There I was, hovering in the entrance to the kitchen, but I couldn’t get to the rice cooker because my family had come home and they were concocting some celebratory dish of chicken and cream cheese that I wasn’t at all interested in eating, while I wanted to steam some rice and veggies to stay on track.
My wife got angry with me. Why couldn’t I just eat what everyone else was eating? Why was I being so difficult? I was the odd man out.
…
As I thought about what Rachel said to me this week I realized that it applied more broadly to our lives than just being the diet pariah. In everything you do you’ll have the choice to ‘go along’ or to be the odd man out. The problem is that acting differently, thinking differently – being different is necessary for anyone who really wants to succeed.
If you stay on the inside of the herd, doing only what is allowed, advised and accepted you will accomplish little, and what you do accomplish will benefit someone else. If you fully subjugate yourself to the herd you not only do a disservice to yourself but to the herd by hiding your light, your difference and your potential from the world. It’s a waste.
Another consideration that we have realized with recent economic upheavals is that when the herd gets herded into the slaughter house it will be too late for you to break out.
We are an evolving species.

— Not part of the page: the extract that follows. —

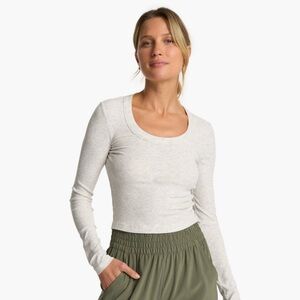 Vuori long sleeve pose scoop tee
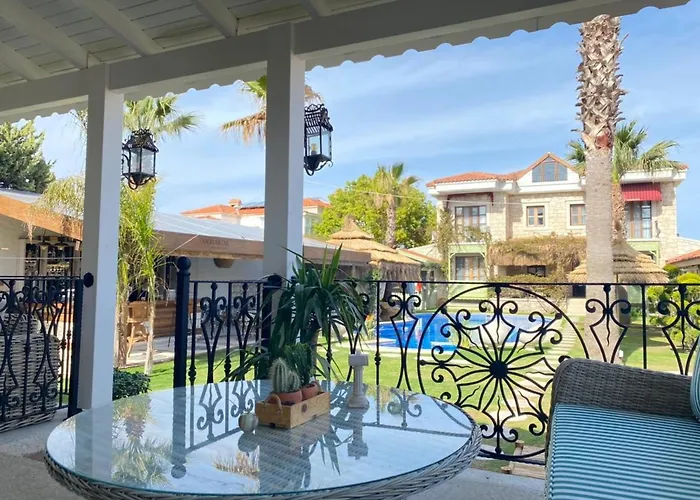 Tasquartas Hotell Alaçatı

Your work life and your community are evolving organisms. To stop evolving is to eventually regress and cease. A mechanism is required to move the herd in order to keep it alive. Don’t you owe it to your herd to help them move and survive? Shouldn’t that be part of your value add?
Of course there are outsiders that are just plain dangerous. They need to be shoved out and isolated from society because they are different in an evil way. I’m not talking about that. I’m talking about people who understand the herd but are willing to break from it, not to cause harm, but to demonstrate unique value.
I propose that leaders have found a way to be outside the herd but to be part of it at the same time. They do this by setting the direction and in many cases making hard decisions against the status quo.
Like most things, it’s a spectrum that runs from the 100% herd-like individuals that cannot fend for themselves and need to be led to consummate outsiders who can’t work with the herd. Much of where you fall has to do with your personality type – but I think you can learn to break some of your assumptions and push the edges no matter where you fall.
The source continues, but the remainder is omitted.